┌──
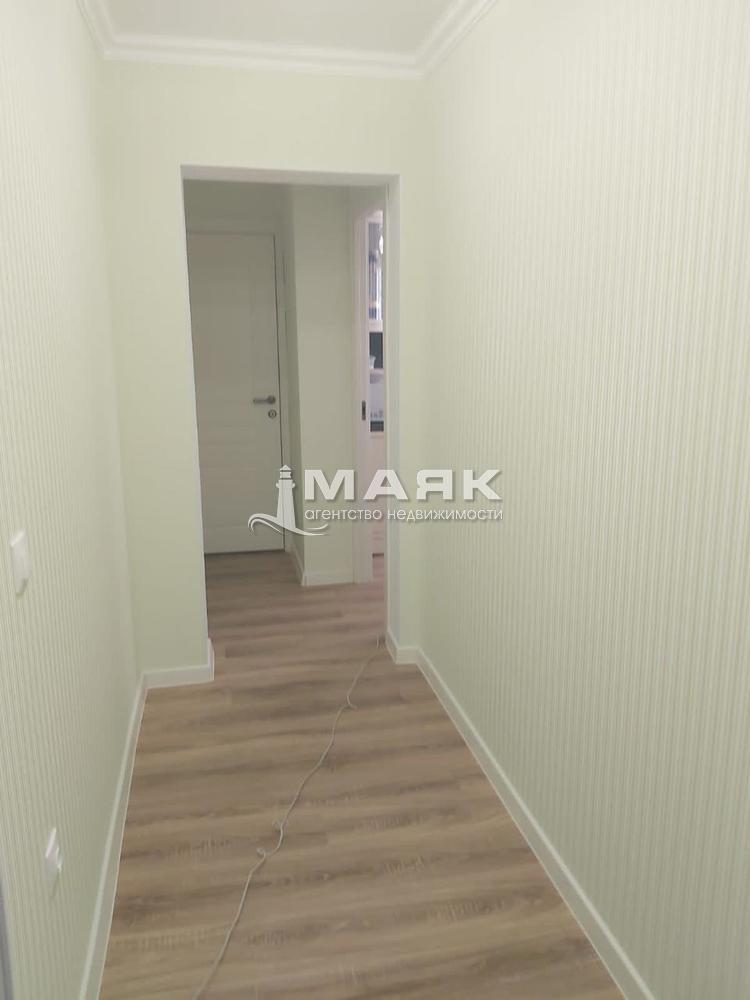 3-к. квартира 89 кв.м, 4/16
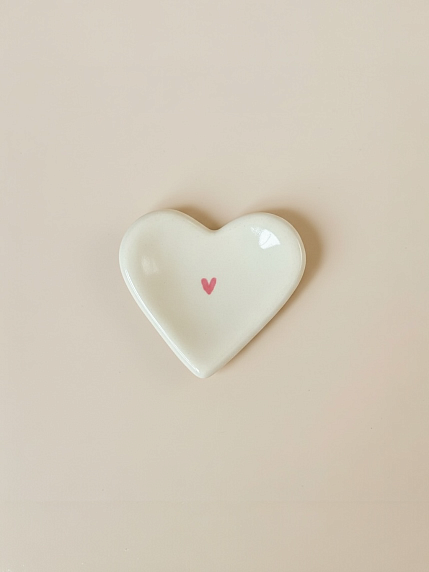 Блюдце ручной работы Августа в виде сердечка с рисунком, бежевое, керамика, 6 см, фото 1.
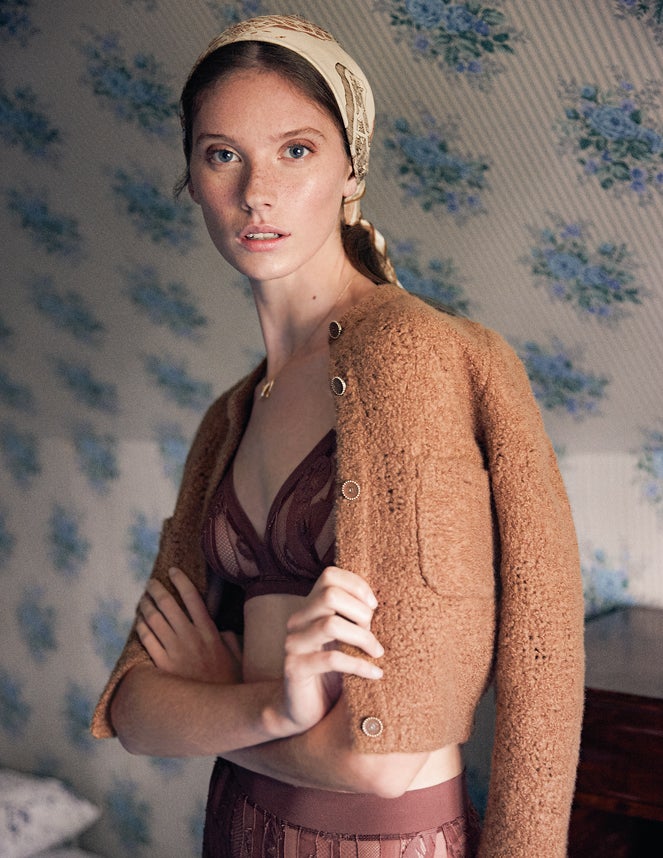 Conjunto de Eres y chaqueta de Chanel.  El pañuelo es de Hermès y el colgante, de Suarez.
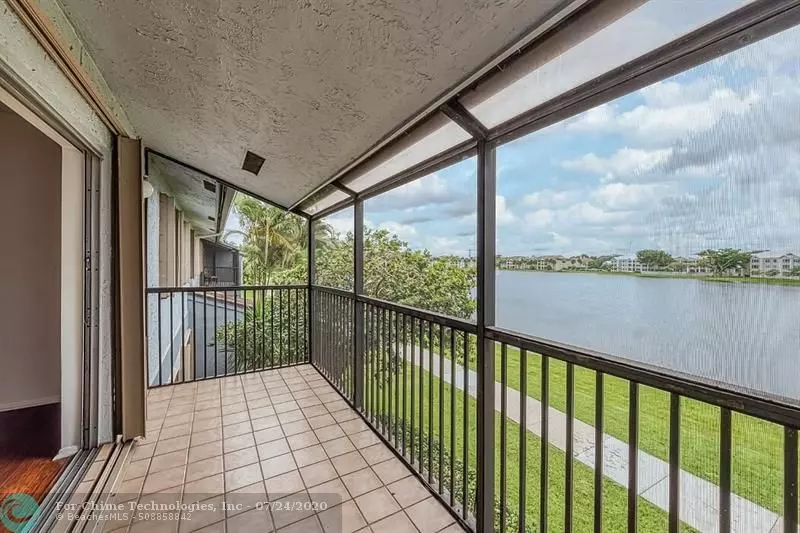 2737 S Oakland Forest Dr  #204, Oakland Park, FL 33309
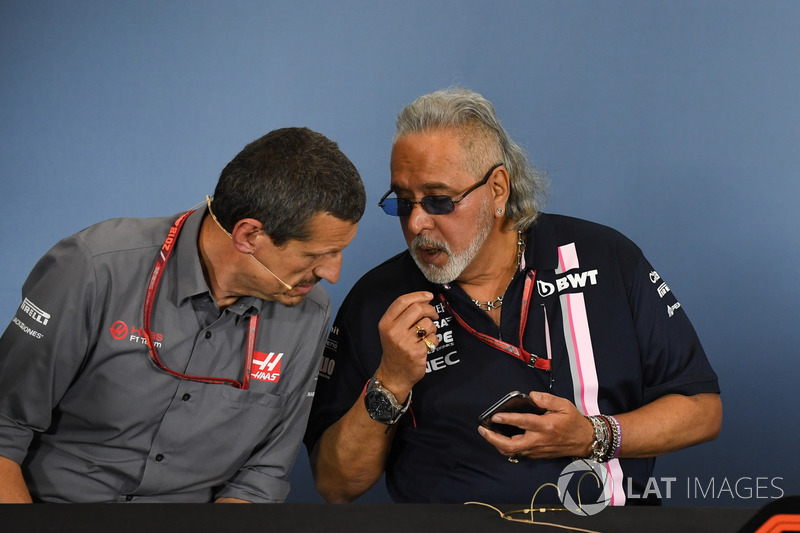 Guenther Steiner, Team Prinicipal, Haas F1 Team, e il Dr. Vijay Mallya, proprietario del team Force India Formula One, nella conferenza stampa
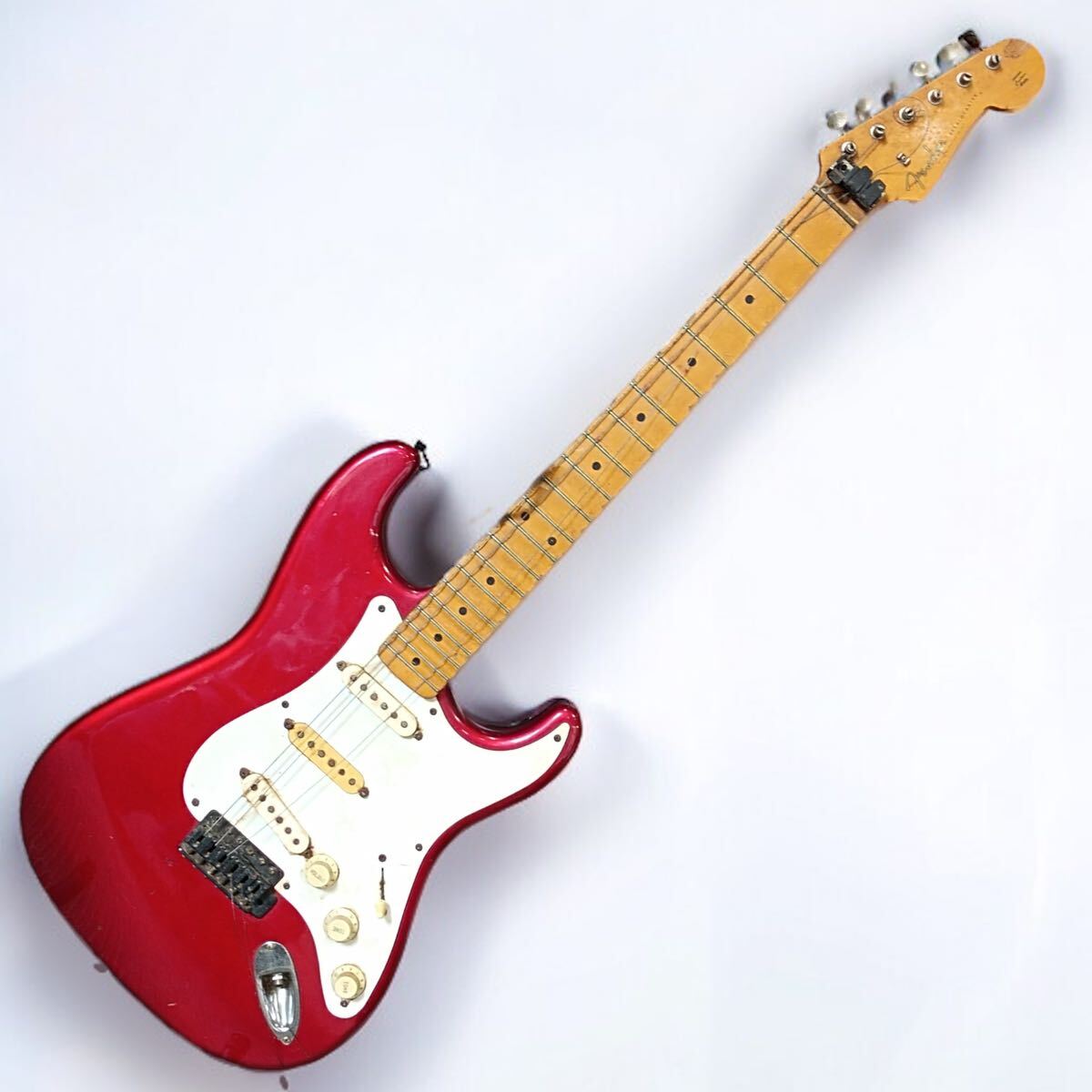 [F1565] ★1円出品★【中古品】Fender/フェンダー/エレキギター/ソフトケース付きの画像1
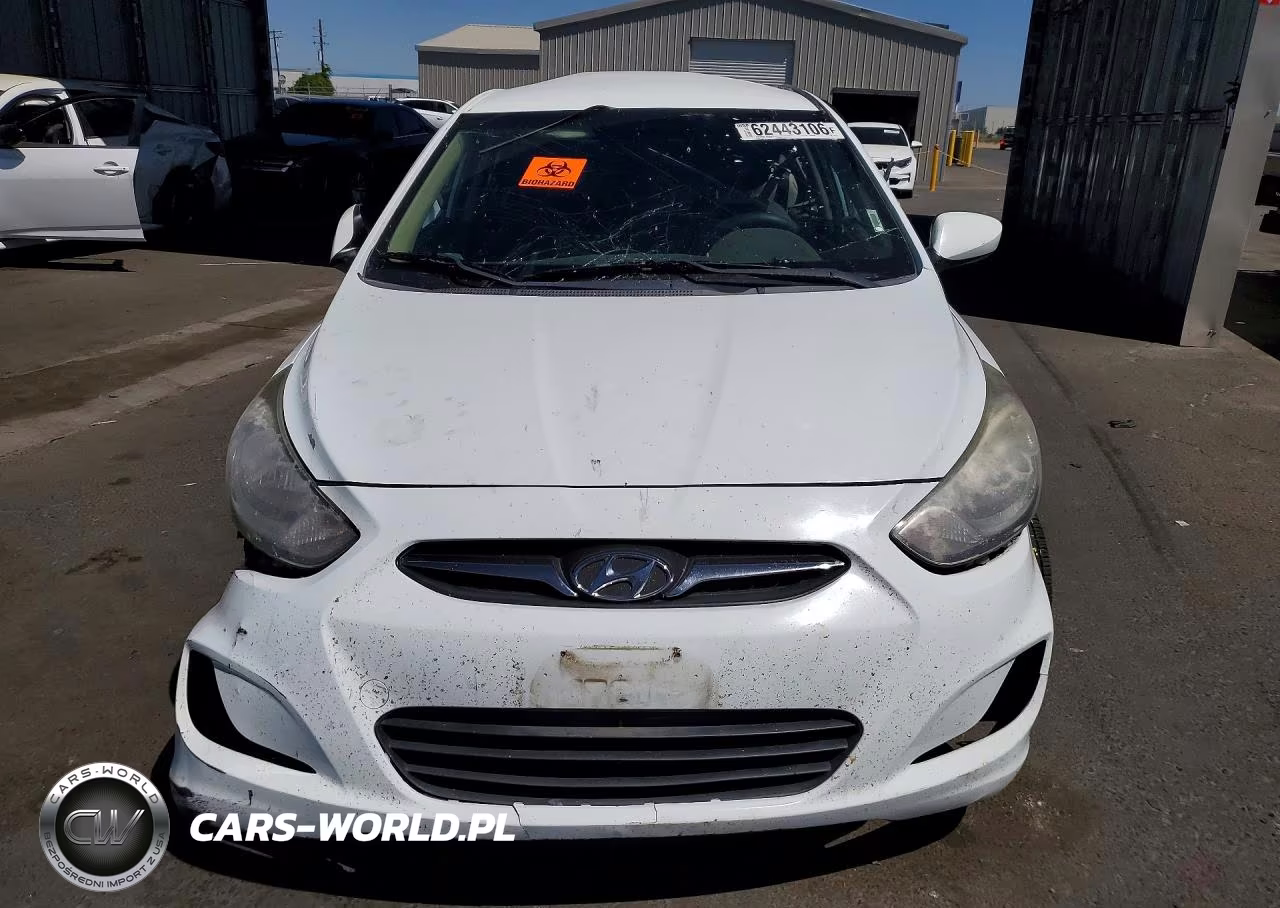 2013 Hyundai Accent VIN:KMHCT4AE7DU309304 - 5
└──
▶ [Task instructions] Print the records above exactly as they stand, but leave out the pictures.

▶ [Final answer]
 3-к. квартира 89 кв.м, 4/16
 Блюдце ручной работы Августа в виде сердечка с рисунком, бежевое, керамика, 6 см, фото 1.
 Conjunto de Eres y chaqueta de Chanel.  El pañuelo es de Hermès y el colgante, de Suarez.
 2737 S Oakland Forest Dr  #204, Oakland Park, FL 33309
 Guenther Steiner, Team Prinicipal, Haas F1 Team, e il Dr. Vijay Mallya, proprietario del team Force India Formula One, nella conferenza stampa
 [F1565] ★1円出品★【中古品】Fender/フェンダー/エレキギター/ソフトケース付きの画像1
 2013 Hyundai Accent VIN:KMHCT4AE7DU309304 - 5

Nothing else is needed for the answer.